DÖRDÜNCÜ İKAZ: Ey sersem nefsim! Acaba şu vazife-i ubûdiyyet, neticesiz midir? Ücreti az mıdır ki, sana usanç veriyor? Halbuki bir adam sana birkaç para verse veyahut seni korkutsa, akşama kadar seni çalıştırır ve fütursuz çalışırsın. Acaba bu misafirhane-i dünyada âciz ve fakir kalbine kût ve gınâ ve elbette bir menzilin olan kabrinde gıdâ ve ziyâ ve herhalde mahkemen olan Mahşerde sened ve berat ve ister istemez üstünden geçilecek Sırat Köprüsünde nur ve burak olacak bir namaz, neticesiz midir veyahut ücreti az mıdır! Bir adam sana yüz liralık bir hediye va’detse, yüz gün seni çalıştırır. Hulf-ul va’d edebilir o adama îtimad edersin, fütursuz işlersin. Acaba hulf-ul va’d hakkında muhal olan bir zât, Cennet gibi bir ücreti ve saadet-i ebediyye gibi bir hediyeyi sana va’d etse, pek az bir zamanda, pek güzel bir vazifede seni istihdam etse; sen hizmet etmezsen veya isteksiz, suhre gibi veya usançla, yarım yamalak hizmetinle Onu va’dinde ittiham ve hediyesini istihfaf etsen, pek şiddetli bir te’dibe ve dehşetli bir tazibe müstehak olacağını düşünmüyor musun! Dünyada hapsin korkusundan en ağır işlerde fütursuz hizmet ettiğin halde; Cehennem gibi bir haps-i ebedînin havfı, en hafif ve lâtif bir hizmet için sana gayret vermiyor mu?
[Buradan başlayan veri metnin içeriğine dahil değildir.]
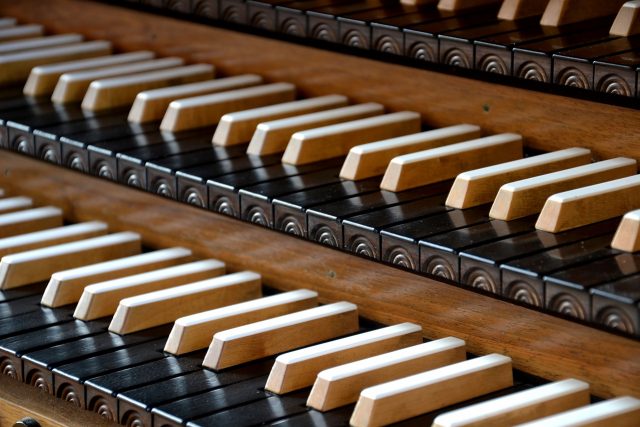 organ-g3fa6e6caa_1280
BEŞİNCİ İKAZ: Ey dünyaperest-nefsim! Acaba ibâdetteki füturun ve namazdaki kusurun meşâğil-i dünyeviyyenin kesretinden midir veyahut derd-i maişetin meşgalesiyle vakit bulamadığından mıdır! Acaba, sırf dünya için mi yaratılmışsın ki, bütün vaktini ona sarfediyorsun! Sen istidad cihetiyle bütün hayvanatın fevkinde olduğunu ve hayat-ı dünyeviyyenin levâzımatını tedârikte iktidar cihetiyle, bir serçe kuşuna yetişemediğini biliyorsun. Bundan neden anlamıyorsun ki, vazife-i asliyyen hayvan gibi çabalamak değil; belki, hakikî bir insân gibi, hakikî bir hayat-ı dâime için sa’y etmektir. Bununla beraber meşâğil-i dünyeviyye dediğin, çoğu sana ait olmayan ve fuzûli bir sûrette karıştığın ve karıştırdığın malâyâni meşgalelerdir. En elzemini bırakıp, güya binler sene ömrün var gibi en lüzumsuz mâlûmat ile vakit geçiriyorsun.